Vi è poi in tutto il mondo un vivacissimo segmento produttivo indipendente, al limite, spesso, del puro artigianato amatoriale, che con scarsi mezzi e una quasi inesistente distribuzione, produce centinaia di titoli che documentano non solo eventi legati al movimento GLBT, ma anche la vita di uomini e donne omosessuali volutamente dimenticati, ignorati nonostante, talvolta, abbiano contribuito a scrivere la storia sociale, culturale e politica non solo del loro paese.
Ci sono cineasti illustri, come Herzog, Delvaux, Schmid, Schroeter, che non trascurano il documentario.

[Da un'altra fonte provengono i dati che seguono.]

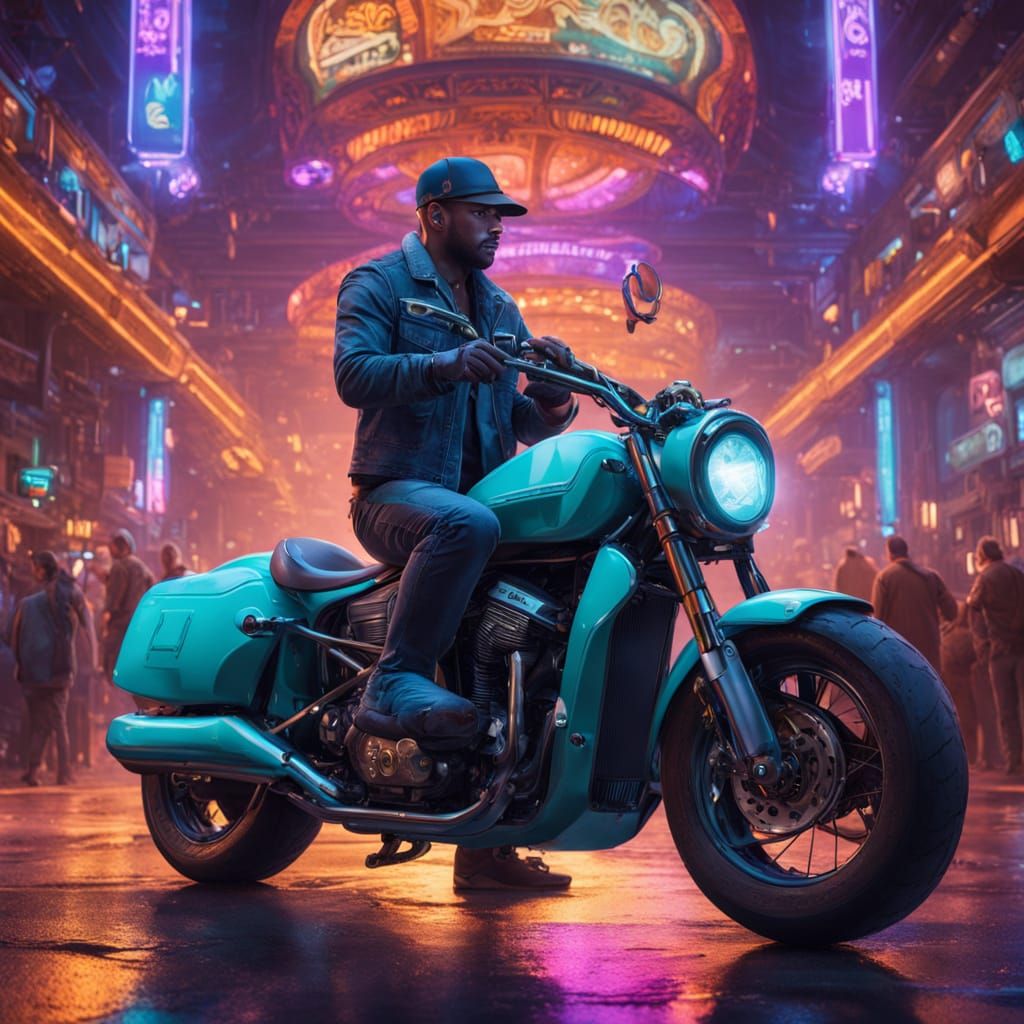 Neon Fantasy Bar Scene in a Teal Motorcycle Helmet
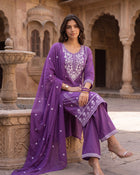 Royal Lavender – Embroidered Straight Kurta Pant with Dupatta Set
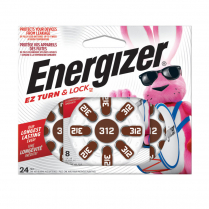 AZ312DP24   Pile pour appareil auditif 312 zinc-air Energizer (Carte de 24) (non-taxable)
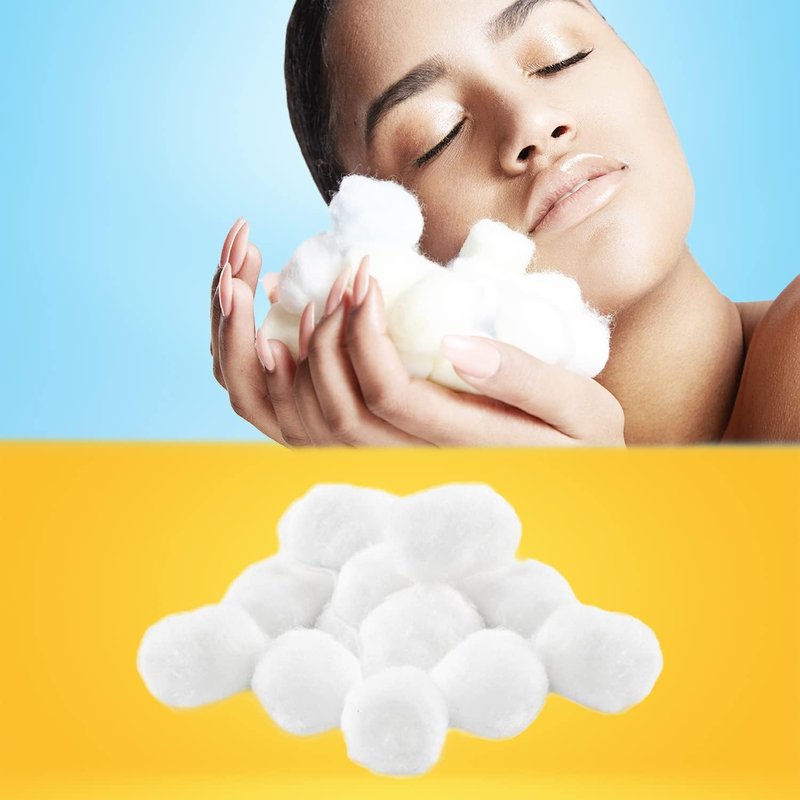 Jumbo Cotton Balls - Multi-Purpose Soft Natural Cotton for Facial Treatments & Makeup Removal | 70 Count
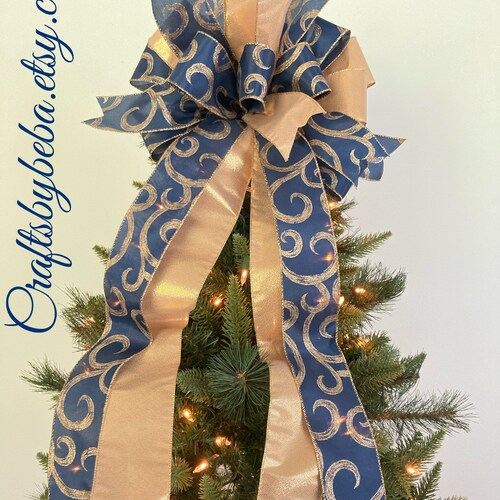 Elegant Christmas Tree Topper Blue and Gold Tree Topper Etsy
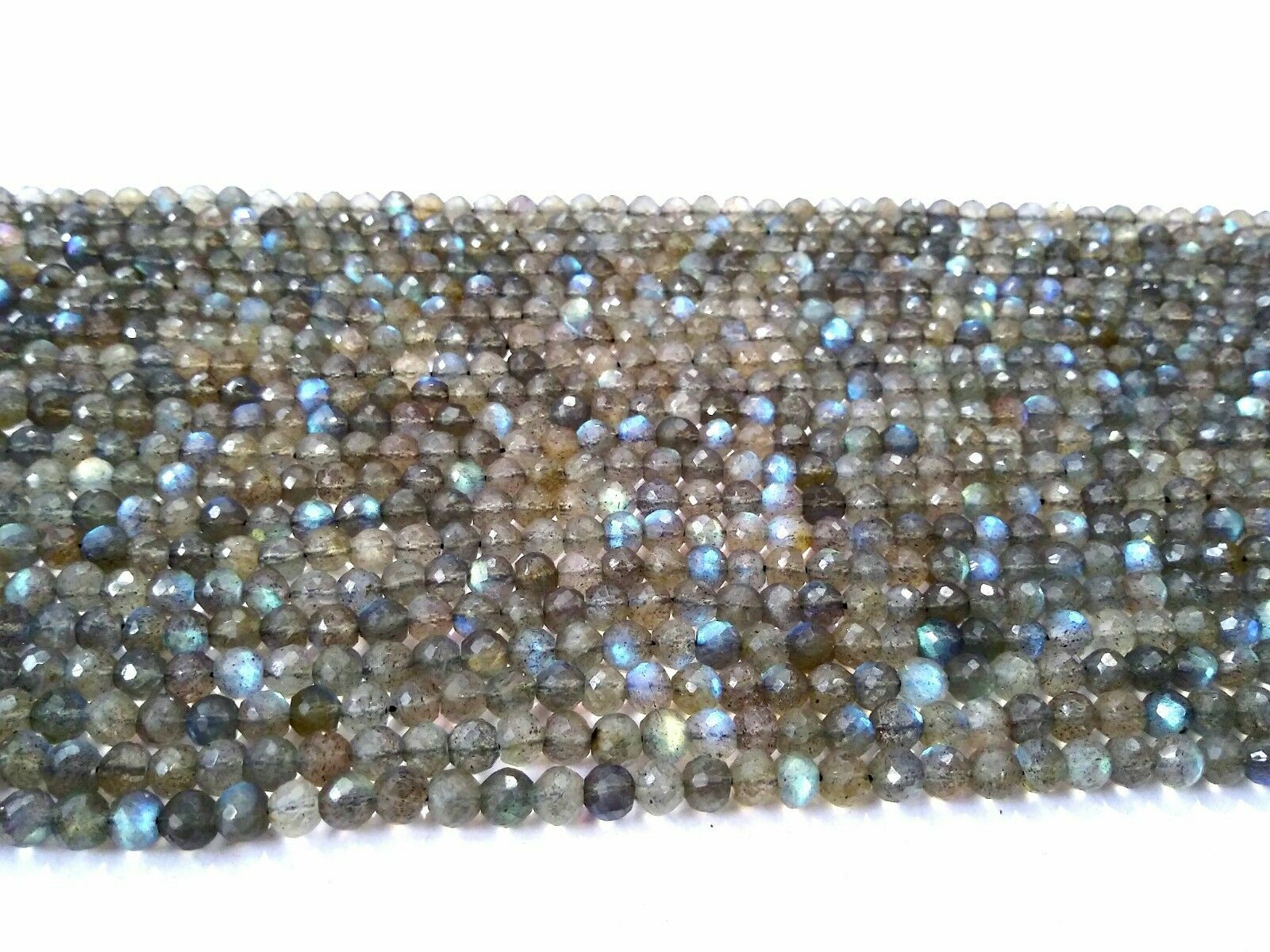 5 Strand Natural Labradorite Round Faceted 5-5.5mm Gemstone Loose Beads 10″inch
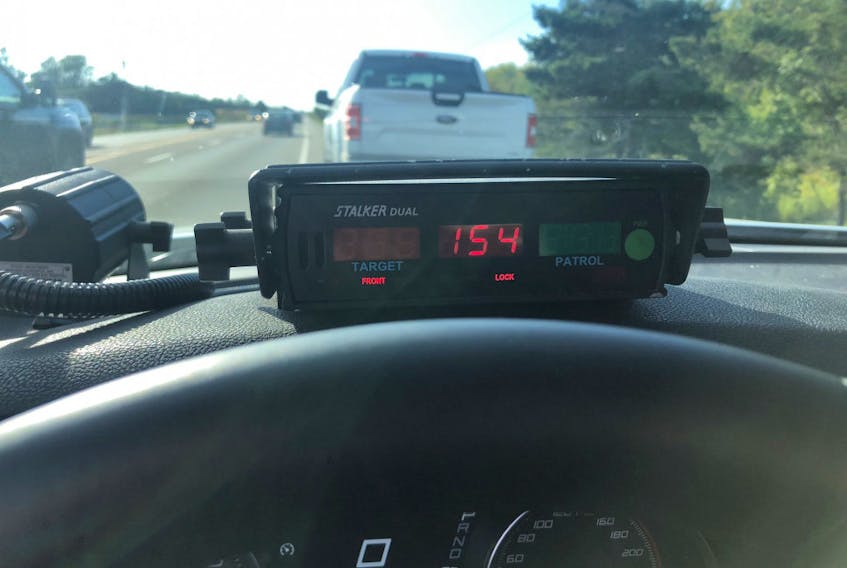 An RCMP radar device shows the high speed that earned a driver in Stratford an $840 ticket and 24-hour vehicle impoundment on Sept. 21, 2020.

E, mentre in Italia la pratica documentaristica è, salvo rare eccezioni, quasi completamente sparita, negli U.S.A. è possibile scoprire l’altra faccia dell’America quasi esclusivamente attraverso il documentario di montaggio (come “Dialogue with a Woman Departed”, 1981, in cui L. Hurwitz ripercorre la storia dell’America progressista dalle origini indiane alle manifestazioni contro la guerra in Vietnam, o “Harlan County U.S.A.” di B. Kopple, che vinse l’Oscar del documentario nel 1977) e tende ad amplificarsi quella corrente che si ricollega alla memoria storica delle grandi lotte sociali e politiche, per agire con maggiore combattività sul presente.
Il documentario televisivo, simile a quello cinematografico, presenta alcune peculiarità, dovute all’immediatezza con cui può farsi portatore dell’attualità e a particolari possibilità tecniche, che ampliano il campo d’azione del documentarista, consentendogli di affrontare, secondo la formula del film-inchiesta, problemi e avvenimenti di interesse pubblico (politici, di costume, sociali, scientifici, ecc.).